Once the private offering occurred, Garner said it was “among the most extreme in terms of unequal economics” in his 40-year career. “There was nothing quite like this,” he said.
When ETE lawyer James Yoch of Young Conaway Stargatt & Taylor cross-examined Garner, the banker admitted that his initial reaction when he learned of ETE’s proposed public offering was that “We [Williams] should be doing the same” and that “given the distress in the market” he was “very aware that up to $1 billion could be issued.”
Cravath, Swaine & Moore M&A lawyer Minh Van Ngo, Williams’ lead legal advisor for the ETE merger, testified last on Monday, and he corroborated his predecessors’ testimony that the ETE equity offering was bad news for Williams.
He said he only got notice of ETE going forward with a private offering after some of ETE’s legal advisors at Wachtell, Lipton, Rosen & Katz called him in March 2016 to let him know that ETE would be issuing an 8-K later that day announcing the news.
Van Ngo said he asked one of the Wachtell lawyers, David Katz, that given ETE’s obligations under the merger, “why are you telling me now?
“He said sheepishly that ‘I’ve been under strict instructions not to disclose this to you,’” Van Ngo recalled.
Van Ngo testified that he disagrees with ETE’s position that the private offering fits under the $1 billion equity issuance exception in the merger agreement because it only applied to ETE’s operating covenants — which restrict conduct of a party between signing and closing — and didn’t apply to the representations part of the agreement — which concerns facts.
“I don’t think it’s reasonably apparent on its face that the exception should apply,” he said.

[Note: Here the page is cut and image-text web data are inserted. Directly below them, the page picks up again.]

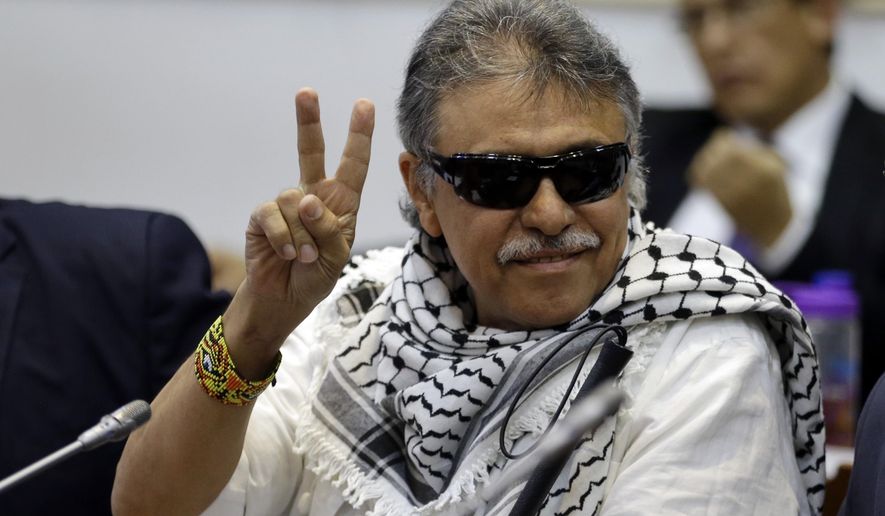 Former FARC rebel Jesus Santrich gives a victory signal to journalists as he attends a session of the Chamber of Representatives at the Colombian congress in Bogota, Colombia, Wednesday, June 12, 2019. Santrich was unable to take up his seat in congress last year when he was jailed awaiting extradition to the U.S. on drug charges, but was released in a decision by the special peace tribunal.(AP Photo/Fernando Vergara)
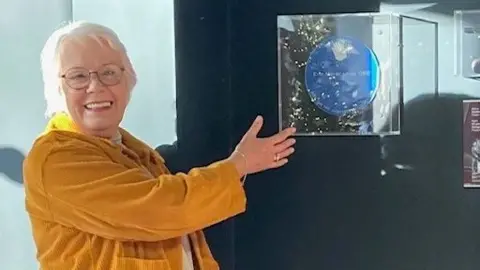 Eric Morecambe Centre Gail Morecambe wearing a mustard yellow coat and white hair is gesturing to a blue circle plaque in a clear plastic box. She is smiling at the camera. 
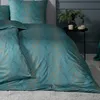 A close-up view of bedding on a bed, with a small side table and decor in the background. Produktbild-Vorschau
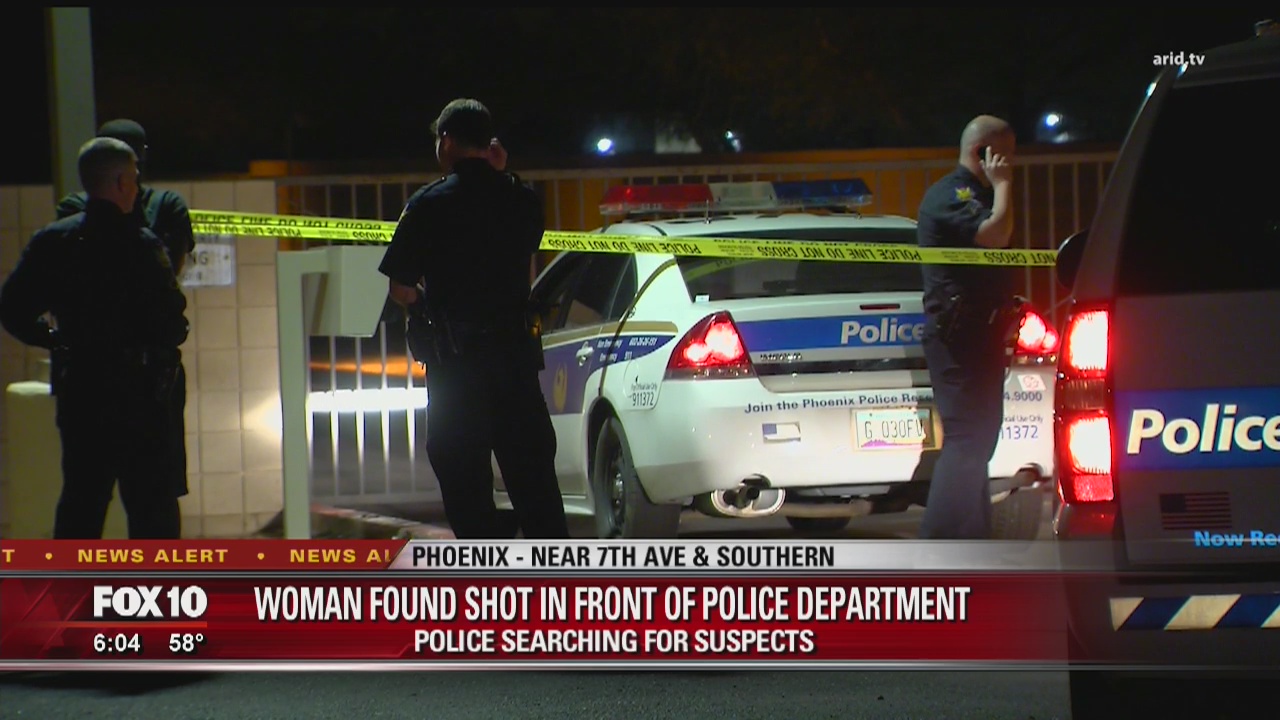 Woman found shot outside police station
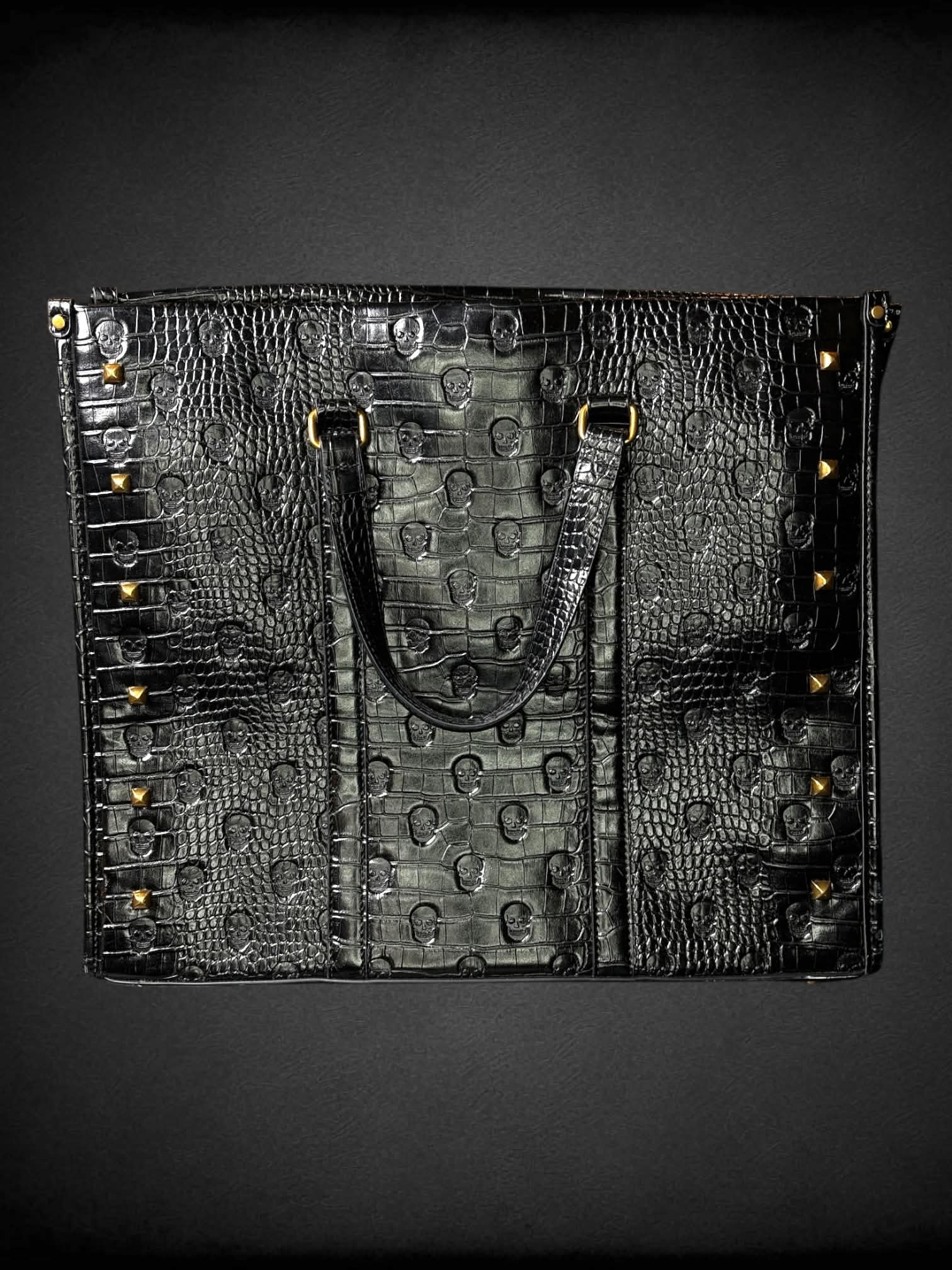 Betsey Johnson black skull Croc-embossed faux leather hand bag with zipper pockets, and gold studded detailing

During cross-examination, V&E lawyer Craig Zieminski challenged the M&A lawyer’s understanding of “reasonably apparent” — a transactional term that ETE describes in court documents as a “low standard” to meet in which negotiators can determine there is a reasonably apparent relevance between provisions when evaluating non-corresponding covenants.
“I don’t read this exception to say (ETE) could issue preferred equity. … If you read the exception in the entire contract, the better reading is that you can’t issue preferred equity because it’s a new class (of securities),” Van Ngo said.
The Vice Chancellor cut the day short in the early afternoon due to a scheduling issue. Van Ngo’s testimony continues first thing Tuesday morning.